→ Data provided

====

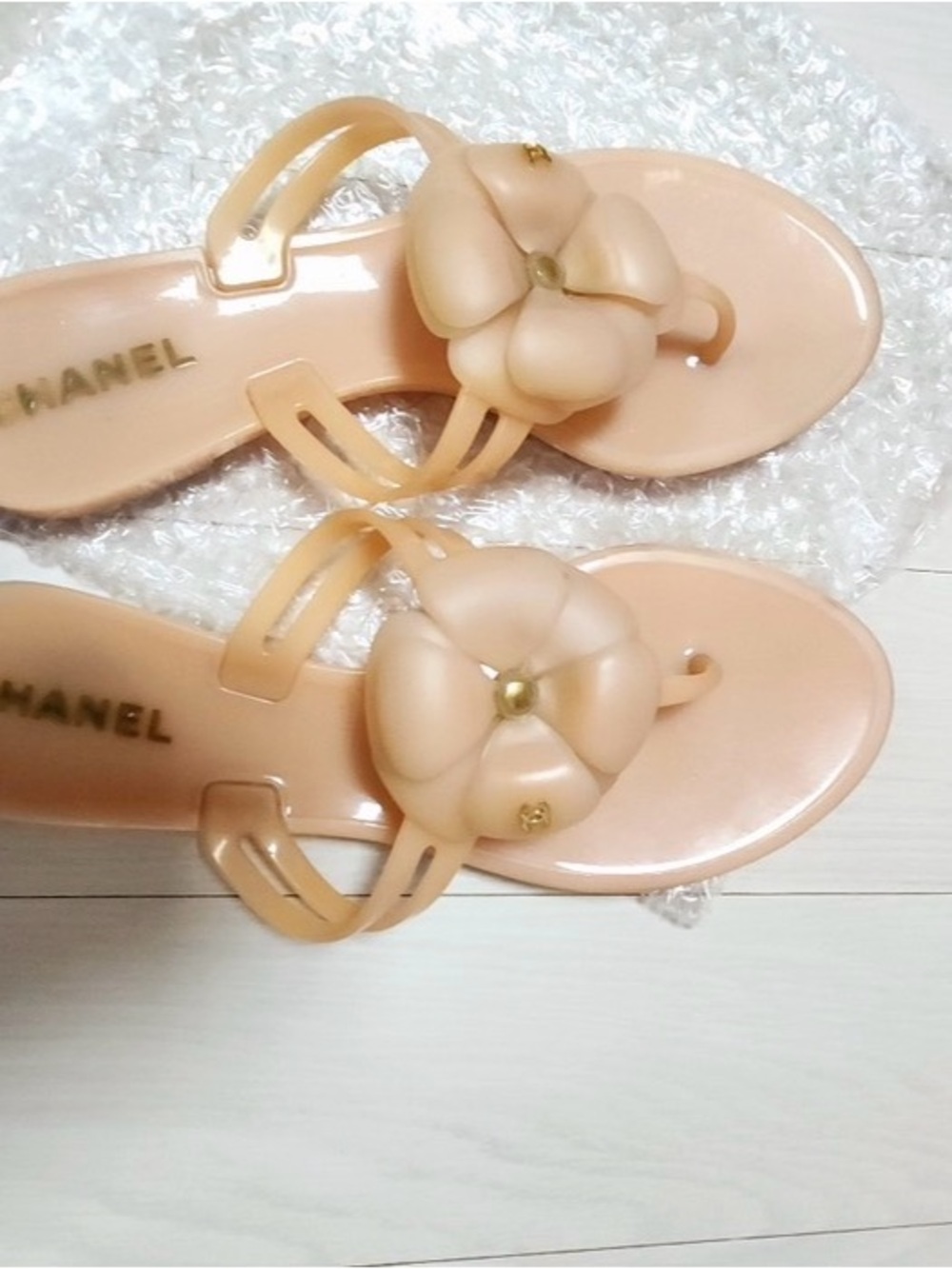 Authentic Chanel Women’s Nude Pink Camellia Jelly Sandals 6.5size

====

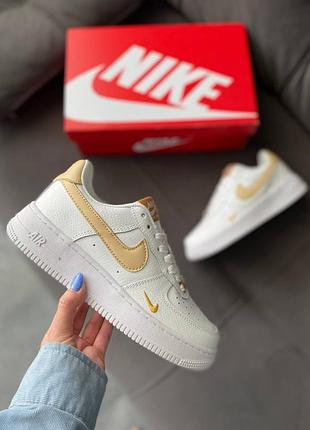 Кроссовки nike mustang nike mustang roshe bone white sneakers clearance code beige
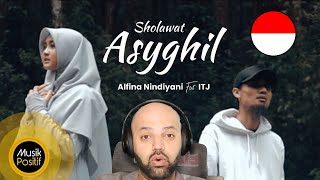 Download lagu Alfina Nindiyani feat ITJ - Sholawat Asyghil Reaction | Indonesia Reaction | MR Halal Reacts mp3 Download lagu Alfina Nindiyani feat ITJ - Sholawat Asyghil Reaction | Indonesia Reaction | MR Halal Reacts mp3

====

→ Task to carry out
The result should be an exact copy of only the lines above from the one that holds "Кроссовки nike mustang" through the one that holds "Reacts mp3 Download", both ends included, without pictures.

→ Your response
 Кроссовки nike mustang nike mustang roshe bone white sneakers clearance code beige
 Download lagu Alfina Nindiyani feat ITJ - Sholawat Asyghil Reaction | Indonesia Reaction | MR Halal Reacts mp3 Download lagu Alfina Nindiyani feat ITJ - Sholawat Asyghil Reaction | Indonesia Reaction | MR Halal Reacts mp3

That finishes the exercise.